My mother-in-law (from this point forward, I'm going to call her Mama G, since that is easier than typing out "mother-in-law" and sounds better than MIL) and sister-in-law (who will hereafter be known simply as Sis, since I honestly do consider her the sister I never had) decided to kidnap me for a Girls' Night Out. I don't get to do those but once in a blue moon, so Coach was even enthusiastic about it. (Although that might have been just so that he could have some uninterrupted XBox 360 time. Damn "Call of Duty".)
On my way out, I made sure to stop at each son's room to chat for a few minutes and say goodnight. Bug, sweetheart that he is, told me I smelled good and to have fun. Jock, however, looked at me with his big, soulful brown eyes full of confusion, and said:
But ..... what about dinner for us? Aren't you feeding us?
When I reminded him that he's 14 and more than capable of feeding himself (he long ago discovered how easy ramen is!), he replied: But .... you're the mom. I didn't think he could sound anymore pathetic than the first question, but he proved me wrong.
I just shook my head, gave him a hug, told him I loved him and left.
WooHoo!!! I was FREE, baby!
We went to a small local bar, where I proceeded to have two Long Island Iced Teas. Two. That's it. I even had a plate of chicken strips, so I could honestly say my evening wasn't all liquid! Didn't matter. See, I don't drink much. Hardly at all, actually. Its a source of endless amusement in Coach's family to actually have an evening where I AM drinking, as its pretty much a guarantee that I'll be the most hilarious person in the room! However, I wasn't that bad. Just giggled a lot. :)
In my defense, there was a lot to giggle at! At the bar next to where were sitting, there was a lesbian couple and a rather large man that one of the women was teasing rather shamelessly. The more "masculine" of the two women was making snarky (funny, but snarky nonetheless) comments to the poor guy about who was going home with the tease in question.

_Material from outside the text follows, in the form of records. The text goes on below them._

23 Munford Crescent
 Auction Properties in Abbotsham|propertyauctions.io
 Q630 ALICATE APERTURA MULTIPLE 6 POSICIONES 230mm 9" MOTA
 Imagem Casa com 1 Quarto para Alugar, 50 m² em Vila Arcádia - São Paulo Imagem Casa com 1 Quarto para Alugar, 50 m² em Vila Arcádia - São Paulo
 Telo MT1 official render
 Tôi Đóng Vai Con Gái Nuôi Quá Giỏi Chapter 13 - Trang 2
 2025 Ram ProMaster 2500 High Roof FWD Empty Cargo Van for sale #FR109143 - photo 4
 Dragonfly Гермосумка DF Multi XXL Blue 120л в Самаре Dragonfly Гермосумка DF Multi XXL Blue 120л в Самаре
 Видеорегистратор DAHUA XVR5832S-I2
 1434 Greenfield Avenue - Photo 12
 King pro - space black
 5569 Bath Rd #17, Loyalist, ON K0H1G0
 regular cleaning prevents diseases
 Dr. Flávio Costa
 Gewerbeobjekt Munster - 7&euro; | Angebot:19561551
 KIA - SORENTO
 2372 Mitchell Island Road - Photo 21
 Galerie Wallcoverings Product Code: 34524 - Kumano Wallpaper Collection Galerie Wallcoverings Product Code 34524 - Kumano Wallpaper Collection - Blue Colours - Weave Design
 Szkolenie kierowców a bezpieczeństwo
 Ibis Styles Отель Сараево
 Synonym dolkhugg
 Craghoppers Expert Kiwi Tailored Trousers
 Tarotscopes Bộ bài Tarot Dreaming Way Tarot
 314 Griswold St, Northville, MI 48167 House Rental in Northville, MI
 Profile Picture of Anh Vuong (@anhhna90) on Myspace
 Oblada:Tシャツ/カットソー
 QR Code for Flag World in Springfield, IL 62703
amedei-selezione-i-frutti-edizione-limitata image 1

Now, while that was a somewhat funny conversation to listen to, the part that made Sis and I laugh until we cried was when we had to explain to Mama G that the "little guy" was actually a woman. Priceless!
And so the night ended with a lot of laughs. I ended up staying over at Mama G's house, which left my boys at home. Seems to me that my freedom gave them theirs, as well! But when I called home this morning, on my way from Mama G's house to a baby shower I was going to for a friend, Bug answered.
B: Hi Mom!
Me: Hi baby!
B: Why didn't you come home last night? Were you drunk?
Me: No, I was not.
B: But you were drinking (said with the utmost disgust, I might add!), weren't you?
Me: I only had two. That did not make me drunk, but you know my rule about not driving when drinking at all. So I stayed the night at Grandma's house.
B: So where's your car? Who drove last night? And what about Grandma? Was she drinking too?
Me: My car is with me right now. Grandma drove, and no, she wasn't drinking.
For cryin' out loud. The kid was worse than my dad! It was all I could do to not laugh when he was giving me the third degree. But I know he meant well, and I'm honestly glad to know that some of what we've been teaching them has obviously sunk in a bit.